Though often melancholy in tune, Snow Globe also has a shimmery, icy beauty.

USA Today

Sleep Quietly is the first of the very festive-sounding covers, which sees Andy's Kate Bush style vocals delivered over a slightly menacing synth backdrop. Whilst Vince's arrangement is interestingly layered and Andy's vocals are accomplished this isn't a particularly engrossing song to start with and isn't one that is likely to become an addictive listen. The untouchable Silent Night gets the album back on track in superb style. If you think you've heard this hymn to death over the years, this version will still blow you away - the understated music aids to highlight Andy's sultry, divine harmonies which are genuinely amongst the finest vocals the band have ever recorded. A shiver-inducing classic. Original track Loving Man changes the pace and is a bouncy gem of a song. Partially, the lyrics are about Andy's late former lover Paul Hickey ("I know that I can't keep numbing out the pain") but despite this is uplifting and very enjoyable. Next up is The Christmas Song and the first thing that strikes you is the very 80's computer game synth line that runs through the track. It is great to hear something different musically for a song such as this, even if it is somewhat incongruous, but once more the original song is quite disposable. The arrangement for Bleak Midwinter certainly feels more in keeping with the Christmas spirit and is home to tribal percussion and soft use of synth sounds. Once more Andy unleashes his inner choirboy and delivers some fine vocals, especially in the track's harmonies and backing vocals. A fine interpretation of a mediocre hymn.

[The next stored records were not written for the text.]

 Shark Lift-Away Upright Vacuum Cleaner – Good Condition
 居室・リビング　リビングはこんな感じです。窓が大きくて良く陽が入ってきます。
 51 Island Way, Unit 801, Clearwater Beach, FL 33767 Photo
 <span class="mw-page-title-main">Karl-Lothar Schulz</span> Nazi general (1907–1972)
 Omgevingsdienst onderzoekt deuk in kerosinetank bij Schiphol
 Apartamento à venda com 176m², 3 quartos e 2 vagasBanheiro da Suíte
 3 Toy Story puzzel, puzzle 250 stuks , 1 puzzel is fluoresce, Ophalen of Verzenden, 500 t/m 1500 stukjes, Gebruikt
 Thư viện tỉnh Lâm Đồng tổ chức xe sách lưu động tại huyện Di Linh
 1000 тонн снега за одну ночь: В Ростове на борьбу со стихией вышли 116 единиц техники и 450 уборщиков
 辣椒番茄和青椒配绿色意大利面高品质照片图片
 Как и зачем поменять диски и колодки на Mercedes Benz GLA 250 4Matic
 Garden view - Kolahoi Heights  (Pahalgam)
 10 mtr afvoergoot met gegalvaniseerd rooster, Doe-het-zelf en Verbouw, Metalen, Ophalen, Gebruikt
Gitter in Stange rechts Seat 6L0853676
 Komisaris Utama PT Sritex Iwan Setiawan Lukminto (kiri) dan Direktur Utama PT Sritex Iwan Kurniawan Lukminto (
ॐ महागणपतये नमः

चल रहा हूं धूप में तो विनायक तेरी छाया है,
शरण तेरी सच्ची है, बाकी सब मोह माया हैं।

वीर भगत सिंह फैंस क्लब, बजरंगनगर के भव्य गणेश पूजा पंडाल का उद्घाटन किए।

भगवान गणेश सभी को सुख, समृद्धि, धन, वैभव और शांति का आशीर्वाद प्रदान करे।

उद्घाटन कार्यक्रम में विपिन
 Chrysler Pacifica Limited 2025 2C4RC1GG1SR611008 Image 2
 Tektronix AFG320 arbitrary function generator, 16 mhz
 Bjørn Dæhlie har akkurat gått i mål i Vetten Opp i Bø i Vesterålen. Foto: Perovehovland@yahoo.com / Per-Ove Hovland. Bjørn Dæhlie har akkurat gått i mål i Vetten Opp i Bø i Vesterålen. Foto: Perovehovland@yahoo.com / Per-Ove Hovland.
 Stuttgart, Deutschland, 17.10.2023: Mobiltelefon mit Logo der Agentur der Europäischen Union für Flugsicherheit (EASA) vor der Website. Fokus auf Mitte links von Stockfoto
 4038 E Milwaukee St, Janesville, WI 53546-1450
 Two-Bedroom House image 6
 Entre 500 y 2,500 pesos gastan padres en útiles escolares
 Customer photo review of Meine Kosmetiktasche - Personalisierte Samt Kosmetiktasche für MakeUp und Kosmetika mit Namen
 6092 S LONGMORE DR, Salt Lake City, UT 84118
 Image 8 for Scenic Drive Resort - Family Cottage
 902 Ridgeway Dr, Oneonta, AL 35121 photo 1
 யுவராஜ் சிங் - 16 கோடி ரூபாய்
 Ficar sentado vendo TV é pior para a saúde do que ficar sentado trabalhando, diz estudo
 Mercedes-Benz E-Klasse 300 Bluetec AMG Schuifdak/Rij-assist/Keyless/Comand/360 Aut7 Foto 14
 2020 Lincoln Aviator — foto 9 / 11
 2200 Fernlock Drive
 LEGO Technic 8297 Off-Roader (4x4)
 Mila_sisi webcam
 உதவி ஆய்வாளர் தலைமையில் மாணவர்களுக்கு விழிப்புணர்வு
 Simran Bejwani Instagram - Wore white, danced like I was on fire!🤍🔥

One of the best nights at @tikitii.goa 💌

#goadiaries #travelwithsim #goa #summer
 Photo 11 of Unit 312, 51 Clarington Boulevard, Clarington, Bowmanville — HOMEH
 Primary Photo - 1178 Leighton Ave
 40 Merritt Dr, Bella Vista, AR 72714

Following the darker theme of the previous song is Blood On The Snow which is another song with a very video game sound to it. Written entirely by Andy (but again credited as a Clarke/Bell composition), this is a lyrically strong track that alludes to the festive season without ever really mentioning it. The vocals and music fuse nicely, but the song sadly lacks a killer chorus. Still, a good track notwithstanding. Another new song follows in the form of There'll Be No Tomorrow, which is a song about having the time of life by treating a night out as if it is your last. This is by far the weakest of the original songs - and has a very Nightbird/Light At The End Of The World b-side feel to it. By no means terrible, it's no classic either. All that remains now are cover versions and Midnight Clear is up next, which is a soothing lullaby. Once more the production is effortless; musically serene and pleasant with good vocals, but there's little escaping the fact source material is flat and not particularly interesting. It's nice, but also pretty forgettable. The conclusion of this song sounds almost identical to the intro of the song that follows as the pace of the album slows considerably. White Christmas is an intriguing recording - the crackling gramophone vocals and subway station sound effects juxtaposes the modern music box style synths and foreboding bass of the song in an interesting manner (even if the middle eight feels jarring and out of place). Whilst this is a creative approach to reinterpreting this much-covered song, it doesn't quite hit the sweet spot. The album concludes with Silver Bells. The arrangement develops and builds nicely as the song progresses and Andy once more sounds excellent. Problem is, this is another example of good music and vocals being held back by a weak song, and sees the album end on a lull.

Fans' Best/Worst Of

Top 3 Songs
  1. Loving Man
  2. Bells Of Love (Isabelle's Of Love)
  3. Make It Wonderful
Bottom 2 Songs
  1. White Christmas
  2. The Christmas Song
Results taken from Quick Poll #73

The deluxe box set version of the album is home to another couple of CDs, as well as a host of festive goodies. The Acappella Version of Gaudete really helps to highlight the quality of Andy's vocals, although the song works better with music. There are nice acoustic versions of Make It Wonderful, which sounds more sombre and soulful than the album mix, and Stop The Cavalry, which is a good song that deserved a proper synth arrangement and a place on the main album in my view. There are pointless instrumental versions of Silent Night and White Christmas and a spoken word piece called Yes Virginia, There Is A Santa Claus that is unlikely warrant more than one listen. The most interesting tracks are the 2013 Redux versions of tracks from the Crackers International EP. Whilst nowhere near as warm and enjoyable as the flawless original, the new version of She Won't Be Home is still a very good reworking which once more sounds like it could be from a Nintendo game. The new version of God Rest Ye Merry Gentlemen is far superior to the drab original, thanks in no small part to Vince's dark, pulsating new arrangement. Andy's falsetto vocals are likely to still divide opinion, though. The Erasure Christmas Radio Show makes up CD3 and is a charming, funny insight into the Snow Globe project. For the box set version, add half a star to the album rating.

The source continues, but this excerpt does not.